**Work order**
Every line in the records below between the one holding "Sri Lanka 1982, Feuerschlucker in Kandy" and the one holding "Фото Micky Monkey", inclusive, is to be set down exactly; all other lines are to be left out.

**Extracted data entries**
★ ★ ★ ★
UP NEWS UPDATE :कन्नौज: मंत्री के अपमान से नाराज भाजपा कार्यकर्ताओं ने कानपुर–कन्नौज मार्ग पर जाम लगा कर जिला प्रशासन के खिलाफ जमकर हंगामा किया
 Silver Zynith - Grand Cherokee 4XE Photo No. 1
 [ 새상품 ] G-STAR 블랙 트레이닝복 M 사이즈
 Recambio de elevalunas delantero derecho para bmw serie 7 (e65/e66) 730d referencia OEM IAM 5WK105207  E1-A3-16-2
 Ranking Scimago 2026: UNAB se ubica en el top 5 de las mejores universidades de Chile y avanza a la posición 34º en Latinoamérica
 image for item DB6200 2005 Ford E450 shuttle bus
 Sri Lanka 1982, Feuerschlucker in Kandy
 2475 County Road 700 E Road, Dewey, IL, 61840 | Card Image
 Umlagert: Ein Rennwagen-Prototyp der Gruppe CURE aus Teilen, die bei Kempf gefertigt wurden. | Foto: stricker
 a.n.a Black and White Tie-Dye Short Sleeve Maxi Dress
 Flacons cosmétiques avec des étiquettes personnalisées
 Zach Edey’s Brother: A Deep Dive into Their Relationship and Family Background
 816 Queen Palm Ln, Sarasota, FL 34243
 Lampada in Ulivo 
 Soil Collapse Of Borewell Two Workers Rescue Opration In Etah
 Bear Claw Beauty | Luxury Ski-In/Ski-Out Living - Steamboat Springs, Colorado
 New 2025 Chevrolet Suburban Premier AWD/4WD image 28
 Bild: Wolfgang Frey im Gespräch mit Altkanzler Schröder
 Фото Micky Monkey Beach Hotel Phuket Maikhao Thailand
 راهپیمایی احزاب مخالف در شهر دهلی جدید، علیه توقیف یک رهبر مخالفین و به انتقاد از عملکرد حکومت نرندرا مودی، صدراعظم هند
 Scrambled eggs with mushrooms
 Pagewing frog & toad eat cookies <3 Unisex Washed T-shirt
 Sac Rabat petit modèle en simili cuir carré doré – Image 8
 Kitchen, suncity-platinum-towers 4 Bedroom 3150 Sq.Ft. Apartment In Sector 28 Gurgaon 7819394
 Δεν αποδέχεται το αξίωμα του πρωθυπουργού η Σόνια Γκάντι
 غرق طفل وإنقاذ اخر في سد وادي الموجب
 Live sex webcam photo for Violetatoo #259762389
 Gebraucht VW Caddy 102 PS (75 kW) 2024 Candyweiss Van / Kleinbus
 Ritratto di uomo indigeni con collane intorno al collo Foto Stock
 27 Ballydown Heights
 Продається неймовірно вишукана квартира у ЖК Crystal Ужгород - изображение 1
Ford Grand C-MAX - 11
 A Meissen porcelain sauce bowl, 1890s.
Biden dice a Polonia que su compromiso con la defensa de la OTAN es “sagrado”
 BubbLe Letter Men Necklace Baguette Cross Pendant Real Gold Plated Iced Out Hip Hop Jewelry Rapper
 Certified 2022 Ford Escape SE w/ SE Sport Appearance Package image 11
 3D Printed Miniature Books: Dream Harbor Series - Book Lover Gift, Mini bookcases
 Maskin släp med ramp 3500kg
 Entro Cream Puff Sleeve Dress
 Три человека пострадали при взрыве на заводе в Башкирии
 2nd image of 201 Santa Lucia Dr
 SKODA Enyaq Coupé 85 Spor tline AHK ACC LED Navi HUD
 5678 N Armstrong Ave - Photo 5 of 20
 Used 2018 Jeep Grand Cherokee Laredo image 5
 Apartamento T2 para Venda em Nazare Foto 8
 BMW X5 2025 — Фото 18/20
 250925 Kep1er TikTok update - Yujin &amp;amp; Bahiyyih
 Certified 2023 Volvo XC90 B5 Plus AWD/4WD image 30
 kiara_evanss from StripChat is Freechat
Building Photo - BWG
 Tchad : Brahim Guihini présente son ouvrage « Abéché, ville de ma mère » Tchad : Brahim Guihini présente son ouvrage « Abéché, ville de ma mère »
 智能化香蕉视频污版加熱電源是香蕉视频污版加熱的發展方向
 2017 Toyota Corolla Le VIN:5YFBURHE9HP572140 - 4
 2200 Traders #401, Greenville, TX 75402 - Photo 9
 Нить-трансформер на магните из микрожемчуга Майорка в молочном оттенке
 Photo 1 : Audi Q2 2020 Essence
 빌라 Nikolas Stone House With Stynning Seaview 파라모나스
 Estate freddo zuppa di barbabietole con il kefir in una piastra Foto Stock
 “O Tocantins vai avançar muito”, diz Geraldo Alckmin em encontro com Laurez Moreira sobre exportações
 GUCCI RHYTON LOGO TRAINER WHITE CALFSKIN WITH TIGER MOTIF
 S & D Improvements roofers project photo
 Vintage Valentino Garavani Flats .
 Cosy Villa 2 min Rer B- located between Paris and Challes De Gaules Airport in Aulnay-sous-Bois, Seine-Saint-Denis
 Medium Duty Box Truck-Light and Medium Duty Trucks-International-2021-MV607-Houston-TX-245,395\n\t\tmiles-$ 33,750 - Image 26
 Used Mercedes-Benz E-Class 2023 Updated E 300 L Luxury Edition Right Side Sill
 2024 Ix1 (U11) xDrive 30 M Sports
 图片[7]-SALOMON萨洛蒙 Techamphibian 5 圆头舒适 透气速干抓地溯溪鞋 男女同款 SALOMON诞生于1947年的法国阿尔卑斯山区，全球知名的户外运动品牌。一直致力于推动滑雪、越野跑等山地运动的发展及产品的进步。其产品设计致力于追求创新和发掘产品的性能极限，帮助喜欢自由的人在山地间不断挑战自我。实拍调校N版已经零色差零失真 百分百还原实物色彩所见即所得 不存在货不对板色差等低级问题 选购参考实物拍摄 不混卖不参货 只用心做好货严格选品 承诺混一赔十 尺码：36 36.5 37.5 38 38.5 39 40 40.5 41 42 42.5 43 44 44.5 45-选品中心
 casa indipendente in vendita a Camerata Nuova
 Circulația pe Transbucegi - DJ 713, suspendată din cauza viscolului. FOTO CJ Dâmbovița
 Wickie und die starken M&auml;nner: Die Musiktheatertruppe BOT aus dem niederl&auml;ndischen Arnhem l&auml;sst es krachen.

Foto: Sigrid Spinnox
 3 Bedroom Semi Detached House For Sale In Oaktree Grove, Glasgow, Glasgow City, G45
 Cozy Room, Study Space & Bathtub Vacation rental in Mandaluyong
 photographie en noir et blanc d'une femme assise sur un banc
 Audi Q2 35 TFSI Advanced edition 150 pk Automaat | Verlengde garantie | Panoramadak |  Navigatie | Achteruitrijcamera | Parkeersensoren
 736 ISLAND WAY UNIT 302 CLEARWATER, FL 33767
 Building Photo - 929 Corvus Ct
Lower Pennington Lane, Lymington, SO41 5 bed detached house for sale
★ ★ ★ ★
**Exercise answer**
 Sri Lanka 1982, Feuerschlucker in Kandy
 2475 County Road 700 E Road, Dewey, IL, 61840 | Card Image
 Umlagert: Ein Rennwagen-Prototyp der Gruppe CURE aus Teilen, die bei Kempf gefertigt wurden. | Foto: stricker
 a.n.a Black and White Tie-Dye Short Sleeve Maxi Dress
 Flacons cosmétiques avec des étiquettes personnalisées
 Zach Edey’s Brother: A Deep Dive into Their Relationship and Family Background
 816 Queen Palm Ln, Sarasota, FL 34243
 Lampada in Ulivo 
 Soil Collapse Of Borewell Two Workers Rescue Opration In Etah
 Bear Claw Beauty | Luxury Ski-In/Ski-Out Living - Steamboat Springs, Colorado
 New 2025 Chevrolet Suburban Premier AWD/4WD image 28
 Bild: Wolfgang Frey im Gespräch mit Altkanzler Schröder
 Фото Micky Monkey Beach Hotel Phuket Maikhao Thailand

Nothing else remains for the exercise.